The Concept of Total Density

One of the eight Lean wastes is the waste of excess motion. One of the first concepts we advise when trying to identify wasted motion, is not to confuse motion with work. In offices this concept is revised slightly to the following: don’t confuse effort with results. Total density = work divided by motion. Not all motion is work. It is important to separate “needed motions” versus “wasted motions.”

The goal is “People Saving,” versus labor saving, at Toyota. When an automatic device is introduced it may result in a laborsaving of .9 of a person, but if the person remains, no manpower reduction has been achieved, while at the same time, significant money has been spent. Some still may call the .9 of a person laborsaving; but it is not “people saving.”

Summary

It is imperative to change the cost-management system simultaneously with the physical changes occurring in the operation; otherwise, traditional accounting practices will send misleading signals to management that might risk the entire Lean effort. This is why Lean was originally known as the Fragile Production System.

In the end, one must ask which cost system will allow for more accurate reporting of results, enhance the ability to analyze and improve operations, as well as provide proper incentive to continuously improve customer service, quality, overall cost, and inventory turns.
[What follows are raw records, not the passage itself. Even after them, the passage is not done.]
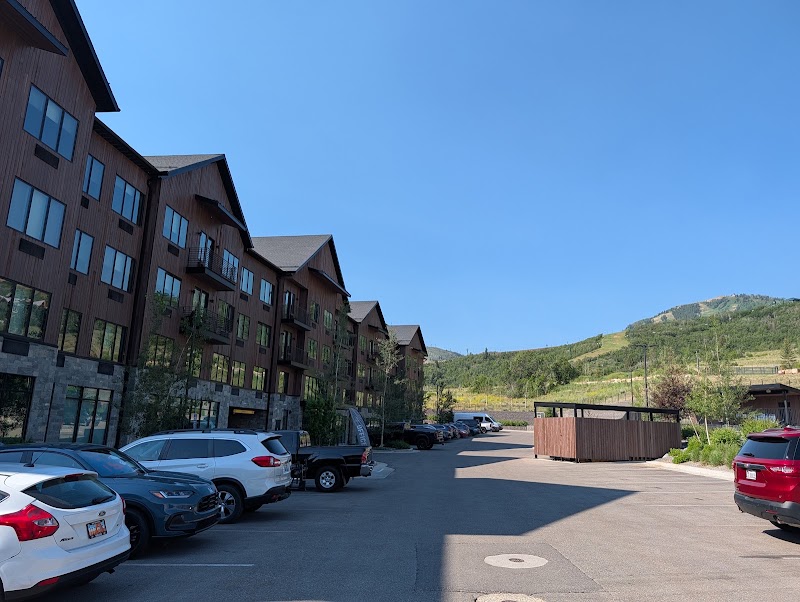 Pioche Village Park City - Event Venue in Park City, Utah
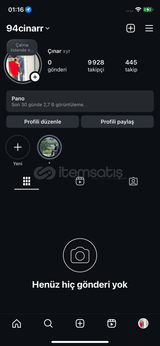 10k instagram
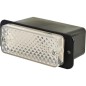 Lampa cofania, 701 W84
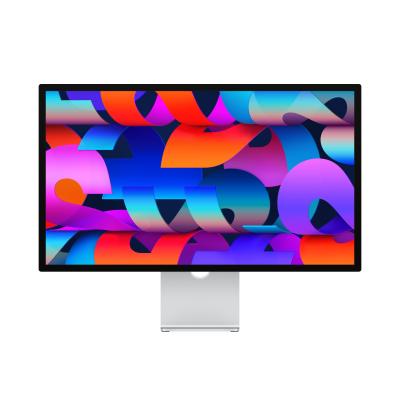 Apple Studio Display Computerbildschirm 68,6 cm (27") 5120 x 2880 Pixel 5K Ultra HD Silber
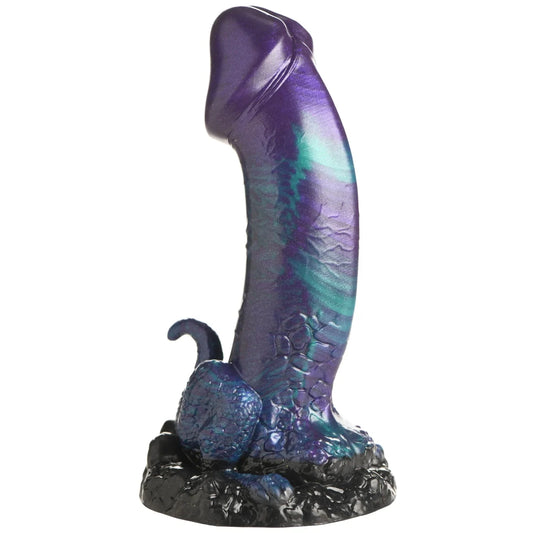 Creature Cocks Dino Dick Silicone Dildo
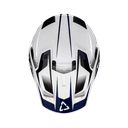 Leatt ADV Helmet Kit 8.5 w/ 4.5 Goggle Royal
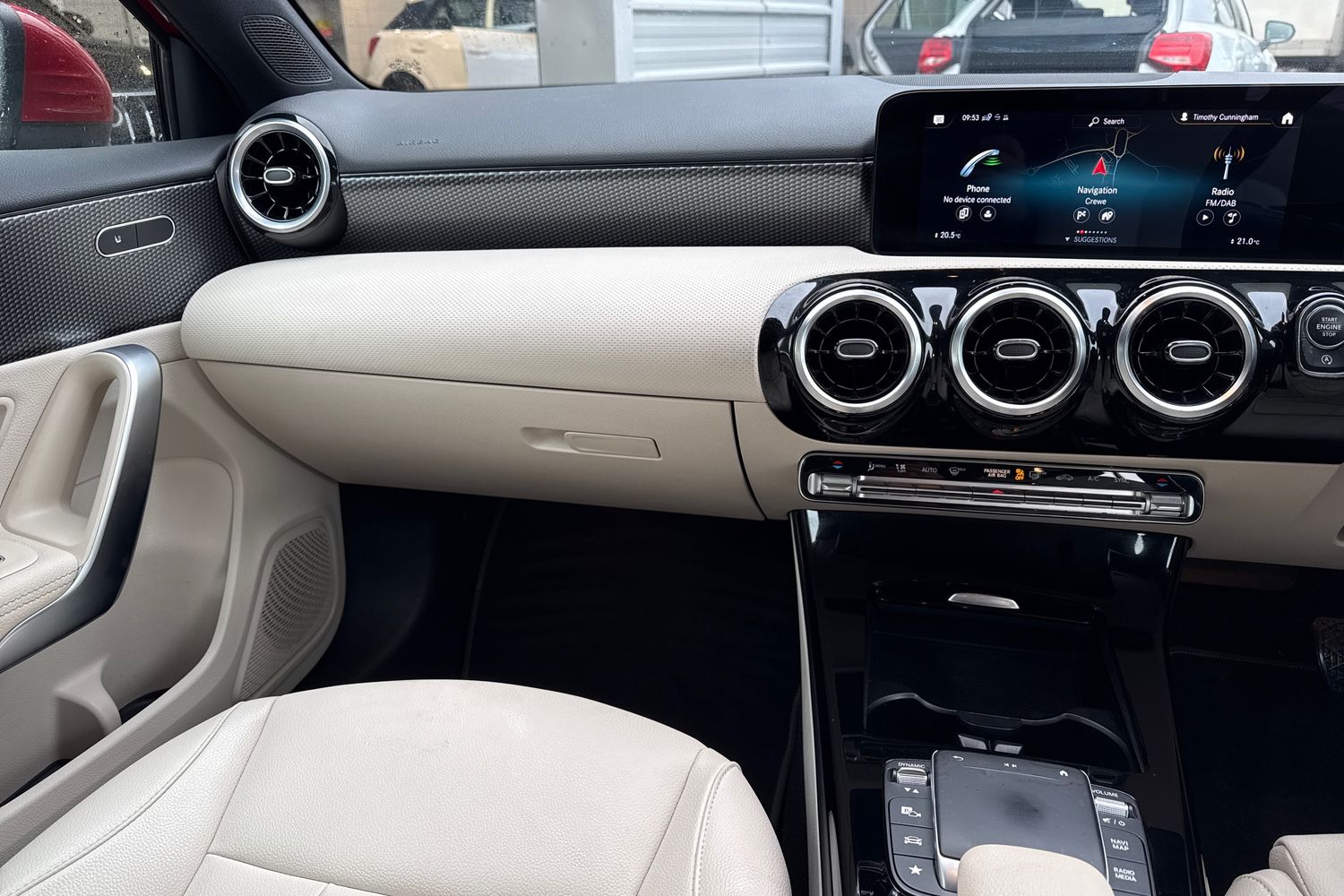 Used Mercedes-Benz A-Class 2022 for sale - 77436007: Photo 20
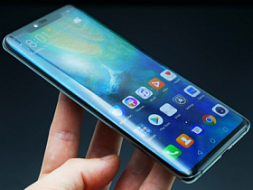 Смартфоны Huawei продолжат работать на Android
The only answer is a Lean cost-management system supporting a Lean operation. In summary, as you embark on your Lean journey the Lean practitioner must understand and anticipate the challenges of the changing paradigms in Lean thinking that both management and workers will encounter and either embrace or contest. It is essential that there is a well-developed plan to bring all stakeholders along the journey to learn, grow, and adjust their views and practices to remove or manage barriers and propel Lean successfully forward.

Note

1. This section was contributed by Jerrold Solomon, Accounting for World Class Operations (Fort Wayne, IN: WCM Associates), 2007, Who’s Counting (Fort Wayne, IN: WCM Associates), 2003. Both books won the Shingo Prize.